Southern Ontario is home to both Canada's largest city (Toronto) and the national capital city (Ottawa). Toronto is Canada's largest, and North America's fifth-largest, city. It has a population of 2,503,281, and a metropolitan population of over 6 million as of the 2011 census. Ottawa is Canada's fourth largest city and capital city. It is home to most federal government departments and the Parliament of Canada. It has a population of 883,391, and a metropolitan population of over 1.4 million.

Southern Ontario contains the only city in the nation where one can travel north to the contiguous United States.

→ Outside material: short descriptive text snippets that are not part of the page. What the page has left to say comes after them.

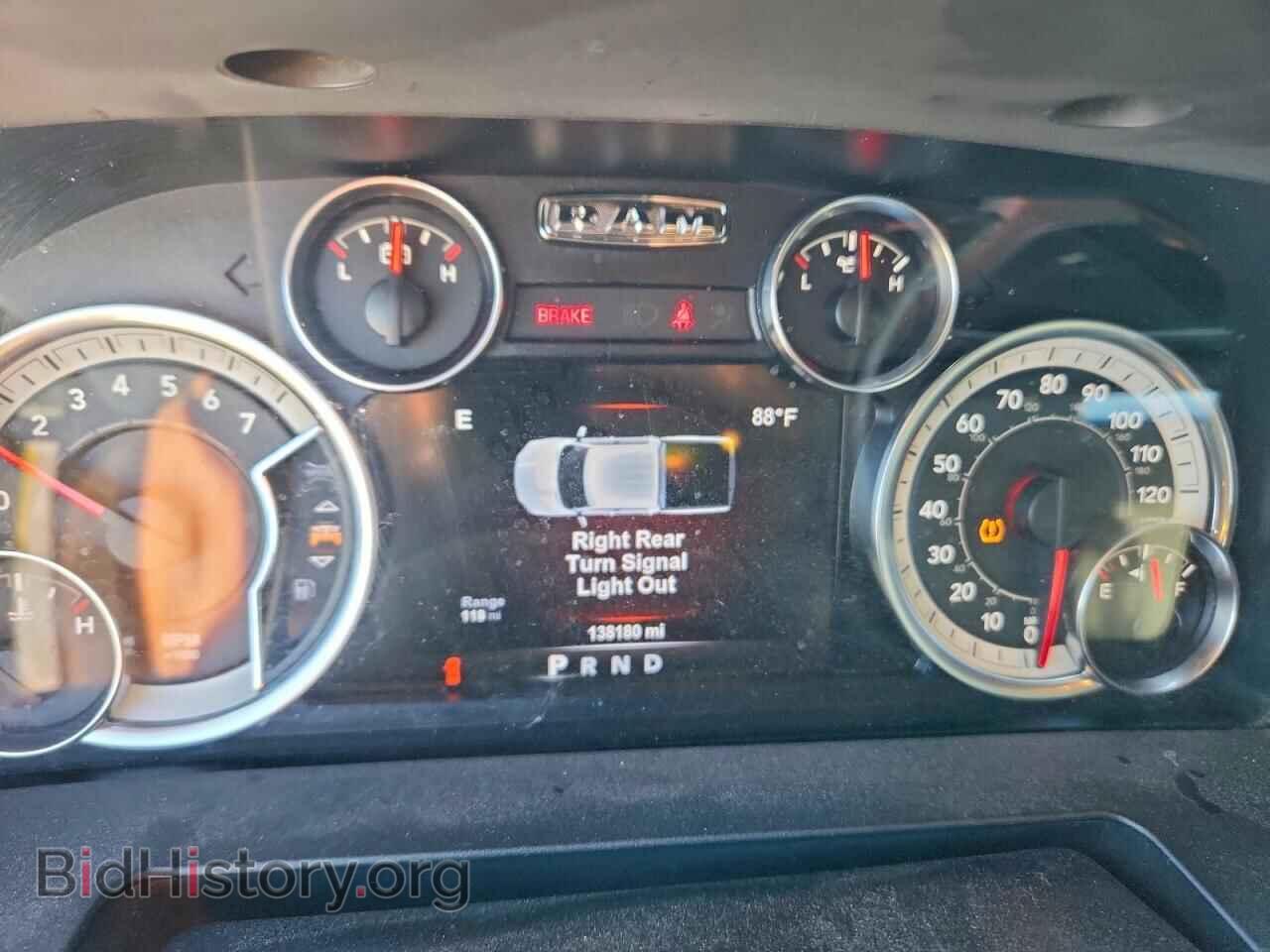 2017 RAM 1500 - VIN: 3C6RR6LT5HG592323 - Фото 9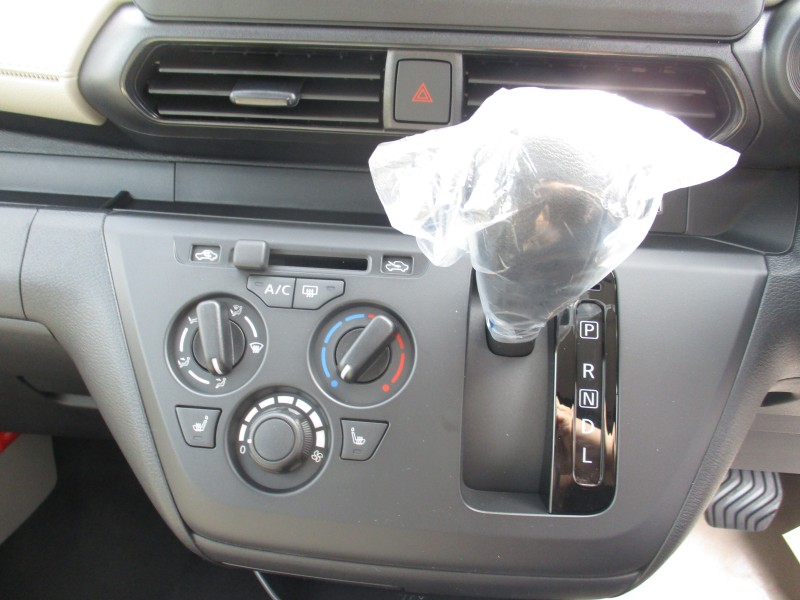 三菱 eKワゴン 14枚目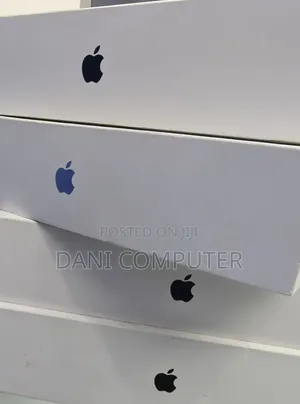 New Laptop Apple MacBook Pro 2025 M5 32GB Apple M5 Pro SSD 2T
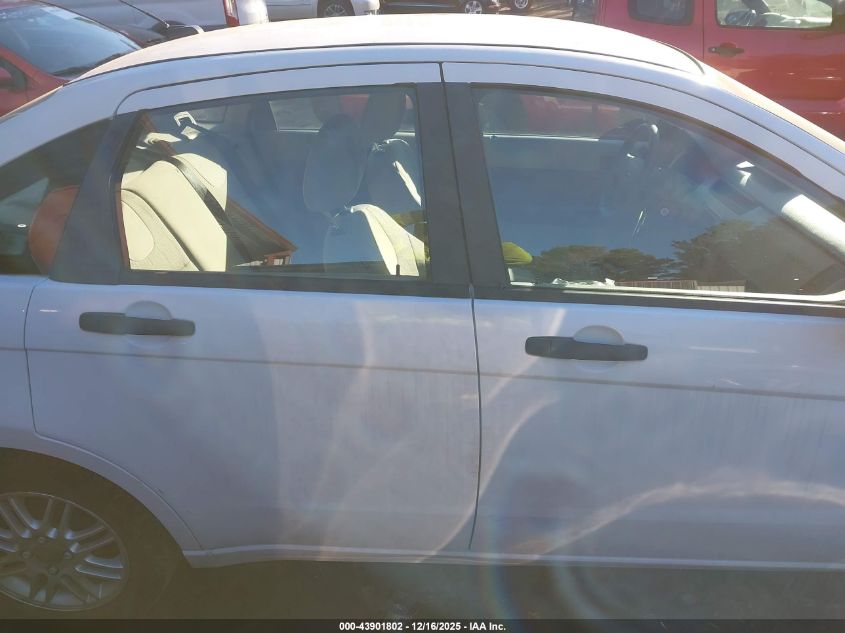 2008 Ford Focus Se/Ses VIN: 1FAHP35N68W187828 Lot: 43901802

At Windsor, Ontario if one travels north they will reach Detroit, Michigan.

Southern Ontario communities have nine telephone area codes: 226, 249, 289, 343, 416, 519, 613, 647, 705, and 905. Two additional area codes 437 and 365 will be added in 2013.

Statistics Canada's measure of a "metro area", the Census Metropolitan Area (CMA), roughly bundles together population figures from the core municipality with those from "commuter" municipalities. Note: A city's Metropolitan area may actually be larger than its CMA. For example; Oshawa is part of the Greater Toronto Area, however it is considered its own CMA.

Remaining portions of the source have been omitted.